Save for right wing protests the UK, BLM protesters were diverse and they included black, white, and brown people and were of different religious beliefs and none. Children as young as thirteen took part in the protests. The Archbishops of Canterbury and York have condemned the manner of George Floyd’s death and so have other Bishops and clergy. We add our voice to theirs in support of BLM.
BLACK LIVES MATTER is not an exclusive hashtag. It does not say that there are not other people who suffer or that all suffering is racial. Rather, it is an expression of solidarity and support for Black and Brown people, given the oppression they have suffered over centuries and which they still suffer at the hands of the police as through institutional or systemic racism. It’s also a commitment to see a stop to that oppression, to racial profiling, and to addressing historical injustices affecting Black people.

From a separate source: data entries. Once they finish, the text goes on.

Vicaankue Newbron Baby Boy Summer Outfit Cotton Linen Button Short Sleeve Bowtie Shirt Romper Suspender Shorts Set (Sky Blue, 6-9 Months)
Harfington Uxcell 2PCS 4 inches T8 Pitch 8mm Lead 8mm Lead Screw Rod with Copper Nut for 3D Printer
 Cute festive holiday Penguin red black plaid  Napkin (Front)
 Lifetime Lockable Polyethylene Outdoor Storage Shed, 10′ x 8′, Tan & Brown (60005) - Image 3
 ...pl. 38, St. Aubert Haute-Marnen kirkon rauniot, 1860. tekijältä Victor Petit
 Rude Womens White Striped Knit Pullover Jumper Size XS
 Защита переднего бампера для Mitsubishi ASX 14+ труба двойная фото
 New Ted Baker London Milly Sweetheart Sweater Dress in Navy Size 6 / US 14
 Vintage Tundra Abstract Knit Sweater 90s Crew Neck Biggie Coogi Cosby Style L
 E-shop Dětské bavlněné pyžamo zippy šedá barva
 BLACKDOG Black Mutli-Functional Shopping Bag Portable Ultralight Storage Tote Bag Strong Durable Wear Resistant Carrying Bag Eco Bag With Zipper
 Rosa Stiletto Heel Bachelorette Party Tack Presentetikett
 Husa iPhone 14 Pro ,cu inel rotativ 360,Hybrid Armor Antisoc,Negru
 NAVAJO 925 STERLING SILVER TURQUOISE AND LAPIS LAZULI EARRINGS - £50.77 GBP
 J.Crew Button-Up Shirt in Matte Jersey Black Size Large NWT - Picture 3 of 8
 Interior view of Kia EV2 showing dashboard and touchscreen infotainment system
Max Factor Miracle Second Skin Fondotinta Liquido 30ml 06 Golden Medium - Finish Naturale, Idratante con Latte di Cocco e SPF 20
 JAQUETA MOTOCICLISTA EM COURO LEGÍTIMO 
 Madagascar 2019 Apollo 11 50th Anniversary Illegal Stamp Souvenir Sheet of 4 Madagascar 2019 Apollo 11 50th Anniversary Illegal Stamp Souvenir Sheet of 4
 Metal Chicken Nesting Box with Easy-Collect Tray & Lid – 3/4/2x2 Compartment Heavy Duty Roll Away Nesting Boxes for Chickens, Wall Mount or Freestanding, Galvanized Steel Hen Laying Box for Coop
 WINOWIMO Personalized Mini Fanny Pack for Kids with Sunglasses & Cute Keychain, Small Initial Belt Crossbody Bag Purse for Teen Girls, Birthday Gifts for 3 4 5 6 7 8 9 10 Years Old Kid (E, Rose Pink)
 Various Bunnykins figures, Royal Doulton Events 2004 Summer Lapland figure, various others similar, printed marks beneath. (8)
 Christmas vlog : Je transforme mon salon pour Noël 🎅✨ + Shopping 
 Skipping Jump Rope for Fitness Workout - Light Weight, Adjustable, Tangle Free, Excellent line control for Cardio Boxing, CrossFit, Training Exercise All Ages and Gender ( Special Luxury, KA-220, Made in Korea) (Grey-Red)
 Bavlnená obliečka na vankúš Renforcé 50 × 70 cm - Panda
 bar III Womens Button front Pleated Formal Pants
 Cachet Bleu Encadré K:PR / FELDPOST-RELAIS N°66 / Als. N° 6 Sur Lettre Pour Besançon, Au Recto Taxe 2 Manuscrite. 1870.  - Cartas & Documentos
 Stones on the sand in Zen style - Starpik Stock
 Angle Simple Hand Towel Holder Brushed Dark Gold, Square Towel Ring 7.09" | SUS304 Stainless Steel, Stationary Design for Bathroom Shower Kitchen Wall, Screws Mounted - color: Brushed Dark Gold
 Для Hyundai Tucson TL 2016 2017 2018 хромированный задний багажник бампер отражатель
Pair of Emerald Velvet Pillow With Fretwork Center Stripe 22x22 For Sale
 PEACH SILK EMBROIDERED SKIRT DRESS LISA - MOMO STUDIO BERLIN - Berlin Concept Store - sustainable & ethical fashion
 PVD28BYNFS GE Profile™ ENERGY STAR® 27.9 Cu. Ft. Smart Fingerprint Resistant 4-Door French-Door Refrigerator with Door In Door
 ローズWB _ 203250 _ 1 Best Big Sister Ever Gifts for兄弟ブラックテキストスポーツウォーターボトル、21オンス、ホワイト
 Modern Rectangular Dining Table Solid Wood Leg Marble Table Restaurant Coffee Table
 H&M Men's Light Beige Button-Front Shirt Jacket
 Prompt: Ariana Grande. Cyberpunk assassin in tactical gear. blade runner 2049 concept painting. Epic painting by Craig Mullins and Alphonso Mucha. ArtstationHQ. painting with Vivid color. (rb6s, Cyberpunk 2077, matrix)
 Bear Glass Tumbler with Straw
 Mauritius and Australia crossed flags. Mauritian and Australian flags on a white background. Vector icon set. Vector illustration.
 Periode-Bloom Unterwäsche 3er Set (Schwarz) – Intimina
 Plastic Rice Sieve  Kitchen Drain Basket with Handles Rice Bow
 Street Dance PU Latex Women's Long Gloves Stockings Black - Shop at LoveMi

In Matthew 25: 31-46 Jesus told the parable of the Sheep and the Goats. At the judgment day, people ask the King, “Lord, when was it that we saw you hungry or thirsty or a stranger or naked or sick or in prison, and did not take care of you”. He replies, “Truly I tell you, just as you did not do it to one of the least of these, you did not do it to me”. That is a statement that Jesus is with and in those who suffer and in need of justice and compassion. We do not just worship Jesus who is up in the sky, but Jesus who is in our midst, often as one who thirsts, suffers exclusion or stigma on account of their race, colour, gender or class.